Il naît à Malaga d’un père militaire et d’une mère d’une beauté extraordinaire, étudie chez les jésuites jusqu’à la mort de son père. Lettré, peau blanche, cheveux noirs et yeux verts, il a tout pour plaire, mais il est dépravé (« Beau jeune homme de l’extérieur, j’étais vicieux et tordu de l’intérieur »). Très vite, pendant les guerres napoléoniennes, il va retrouver des soldats et les sodomise dans la rue après quelques attouchements. Il a aussi une liaison incestueuse avec sa sœur Rosa, son « seul amour», confie-t-il à Castells. Plus tard, lorsque sa mère se met à la colle avec un pêcheur qu’il ne supporte pas, il part pour Cuba. Il a décidé qu’il serait capitaine de bateau. De Cadix, il embarque pour Gênes, puis La Havane, et commence à participer à la traite des Noirs sur les côtes africaines. Il rencontre l’Anglais Reeves, qui fait commerce d’esclaves d’un genre particulier : beaux étalons de sexe masculin et féminin pour les accoupler avec des Européens aux yeux clairs et obtenir ainsi ses filhas, de magnifiques femmes traitées comme des reines et vendues pour devenir les concubines de personnages fortunés. Un jour, Pedro accompagne une de ces beautés chez un riche négrier de La Havane, don Joaquín, qui lui conseille d’aller se roder en Afrique, puis de le recontacter quand il aura de l’expérience. Vexé, Blanco suit cependant son conseil. Il s’aguerrira en capturant des hommes en Guinée, au Bénin et en Sierra Leone, en faisant commerce d’humains avec les rois de ces régions, rencontrera Cha-cha, le mulâtre brésilien richissime, qui le mariera avec une de ses filles, Elvira. Il organisera des massacres, n’hésitera pas à éliminer certains Anglais qui le gênent, construira un palais dans une région où, « si ce n’est pas le mulâtre qui te tue, c’est la malaria ou l’alcool qui t’achève ». Il lit pour ne pas devenir fou, retourne à La Havane, épouse sa prude cousine, sort sa sœur du couvent, lui fait une fille, la prunelle de ses yeux. De retour en Espagne, il se lance sans succès dans la politique et finit à l’asile. Le docteur Castells l’interroge obstinément sur des documents dont sa fille aurait besoin. À la fin du roman, il assassine le bon médecin, découvre que c’est sa fille qui est derrière tout ça. Elle lui avoue qu’elle le déteste et le laisse, hagard, méditer sur une vie qu’il a considérablement enjolivée dans son récit au médecin.

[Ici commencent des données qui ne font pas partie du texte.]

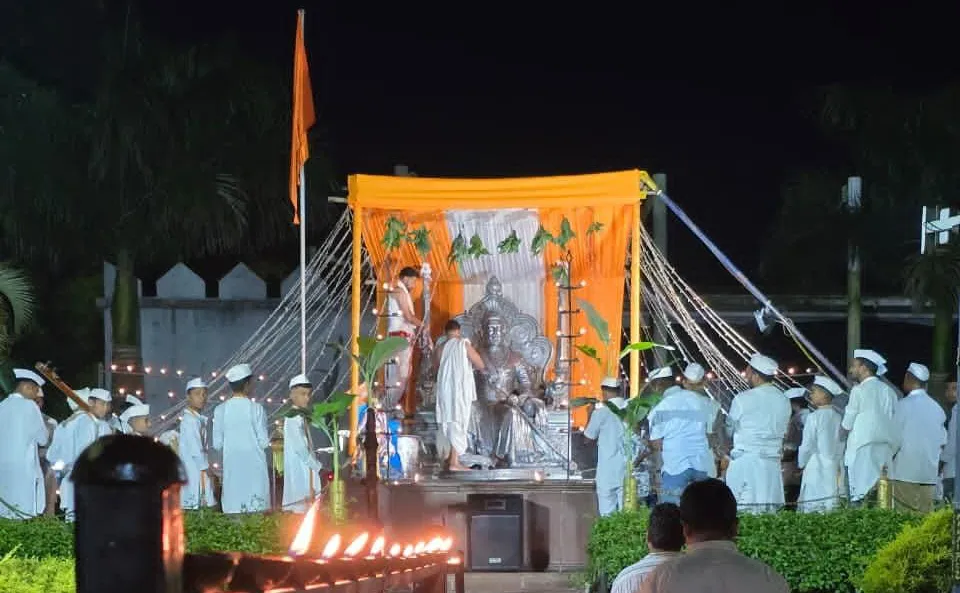 दिव्यांच्या प्रकाशाने उजळला छत्रपती शिवाजी उद्यान परिसर Chhatrapati Shivaji Park area lit up with lights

L’histoire passionnante d’un négrier qui a existé et s’adresse de manière « thérapeutique » au médecin qui le soigne. Sa folie est-elle feinte ? C’est fort possible tant il s’amuse à brouiller les pistes tout en se racontant. La plume de Carlos Bardem nous plonge avec efficacité dans un récit terrifiant et presque cinématographique, au point qu’une série est en préparation.
Thierry Clermont est journaliste au Figaro littéraire depuis 2005. Il a été membre de la commission poésie du Centre national du livre....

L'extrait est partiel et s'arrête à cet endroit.